The Linux video "Swiss Army knife", which plays almost every movie format imaginable .
Note that you must configure a channels.conf file and store it in ~/.mplayer before you can view or record DVB streams. Instructions on how to do this are detailed in First steps with a DVB device.
Watching DVB streams
You can watch DVB streams with MPlayer by typing:
$ mplayer dvb://
For a specific DVB stream (as listed in the channels.conf file), type:
$ mplayer dvb://"STREAM NAME"
Recording DVB streams
It is possible to record DVB streams using MPlayer, but there is more functionality in MEncoder, a command-line encoder built on the MPlayer code.
If you want to record a stream with MPlayer, you can use:
$ mplayer -dumpstream dvb://"STREAM NAME" -dumpfile stream.ts
This will dump the stream in MPEG-TS format to the file stream.ts (note that this file can be very large - ~1GB for 30 minutes). You can then use MEncoder or MPlayer to convert that file to a usable video format.
- Only free-to-air broadcasts are supported. Decryption through CAM is not implemented in MPlayer.
- There is (presently) no DVB subtitle support in MPlayer.
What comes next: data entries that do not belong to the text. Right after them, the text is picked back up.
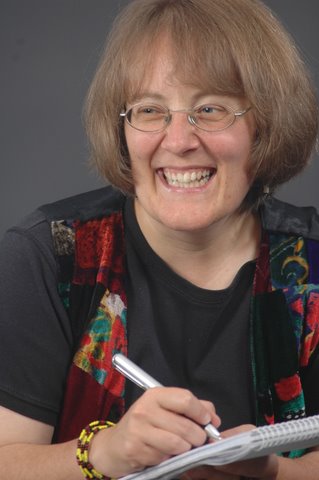 Close-up image of Susan smiling broadly as she writes in a notebook. She wears a short-sleeved black top and a colourful, patterned waistcoat.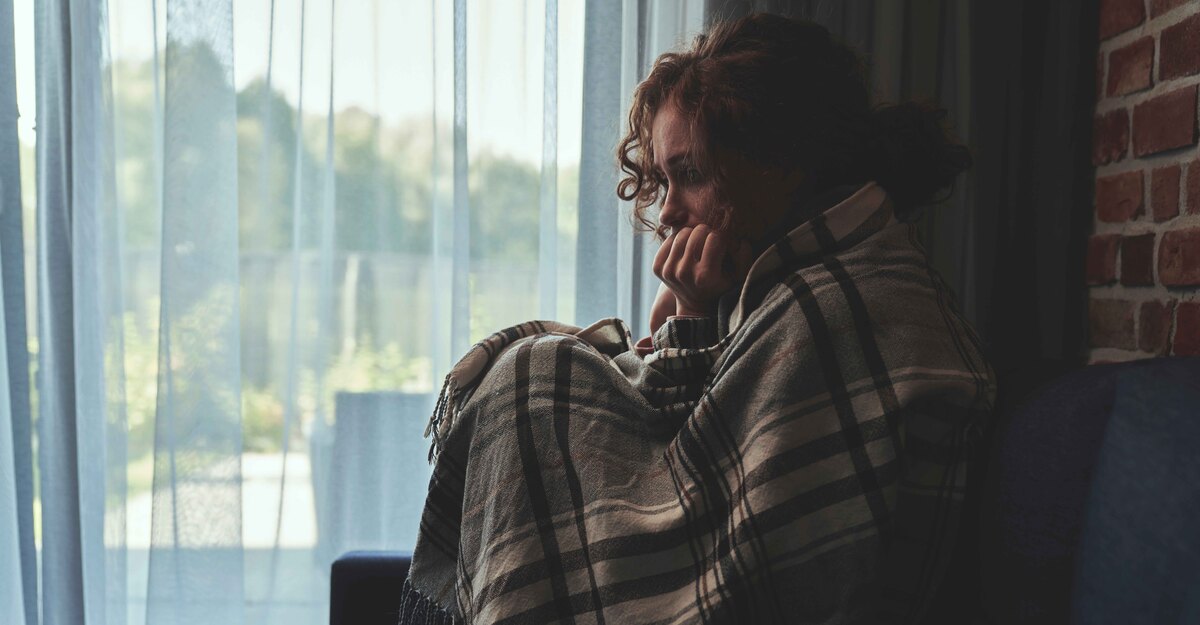 Ragazza in solitudine avvolta da una coperta alla finestra
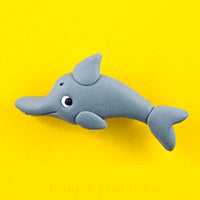 Grey clay badge in shape of dolphin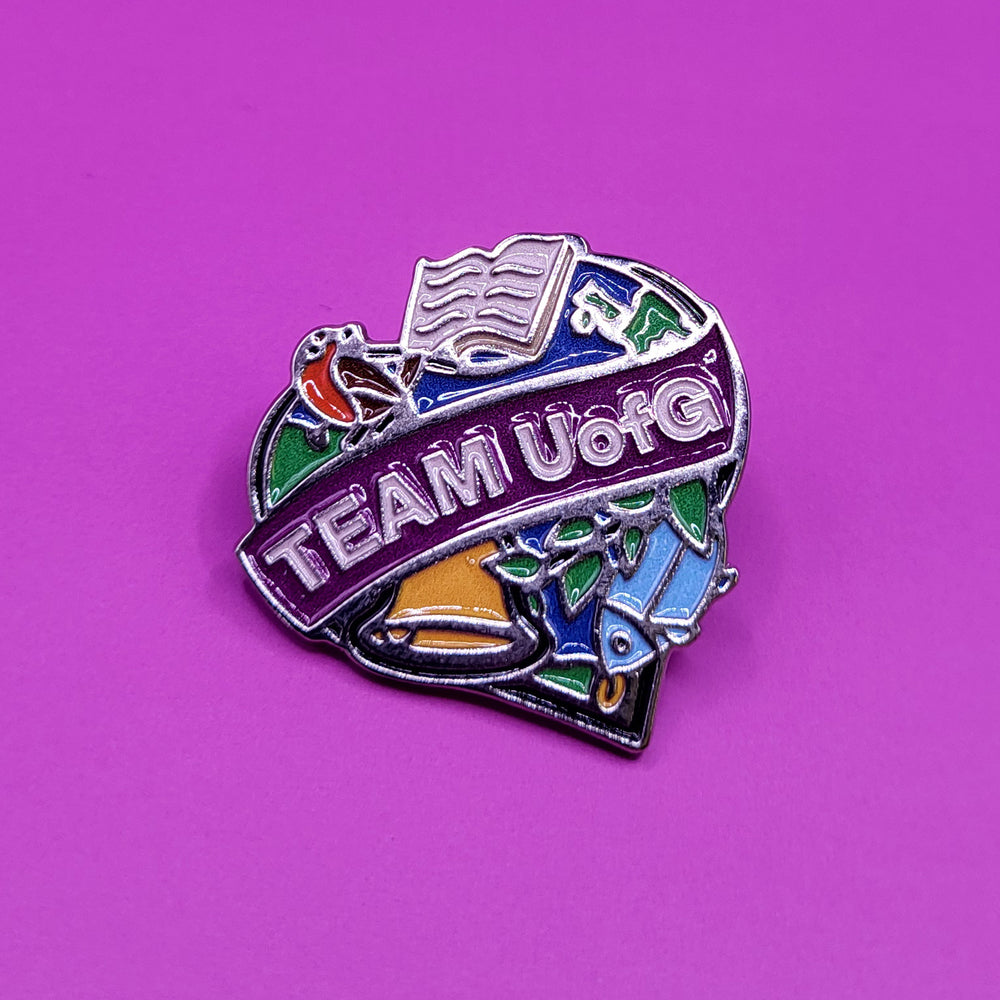 Colorful 'TEAM UofG' badge on a purple background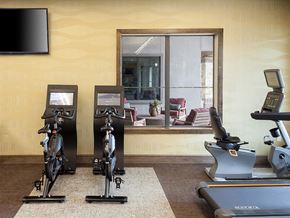 Tomball apartment for rent - a gym with exercise equipment and a large window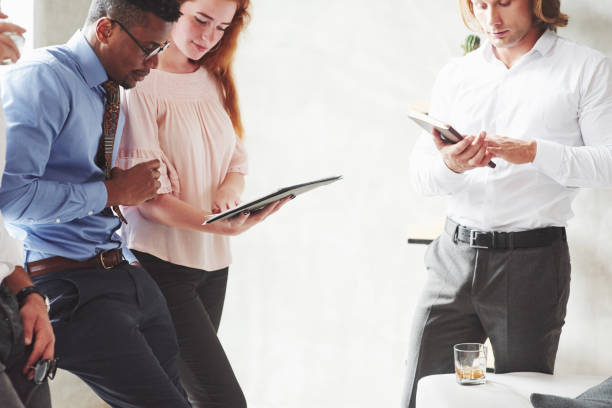 istock Looking for new ideas. Office workers having conversation during their job 1141869402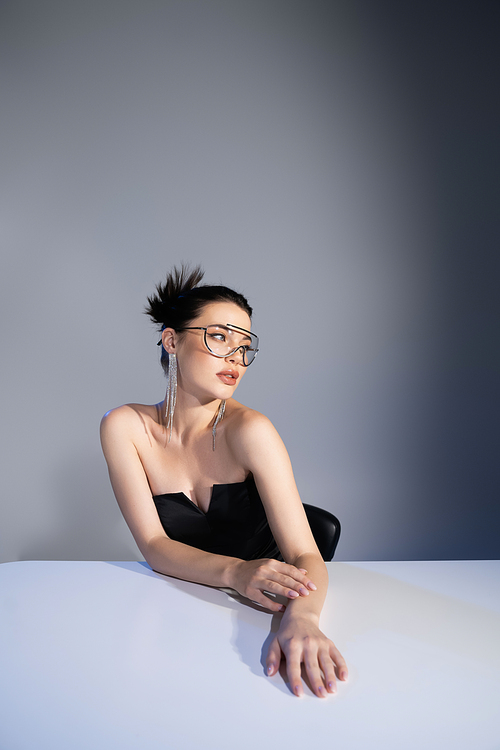 Trendy model in sunglasses and corset posing near table on grey background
MPlayer and satellite dishes
If you are using MPlayer with a satellite dish that has a C-Band lnb LO: 5150 or standard Ku Band lnb LO: 10750 such as are commonly used in North America, MPlayer will tune the channel if you use the L Band frequency in your .mplayer/channels.conf file instead of the C or Ku Band frequency. To calculate the L Band frequency for C Band, 5150 minus frequency in Mhz equals L Band frequency in Mhz. For Ku Band, frequency in Mhz minus 10750 equals L Band frequency in Mhz.
For example to tune C Band 4.060 Ghz
5150 - 4060 = 1090
Use 1090 for the frequency in channels.conf instead of 4060.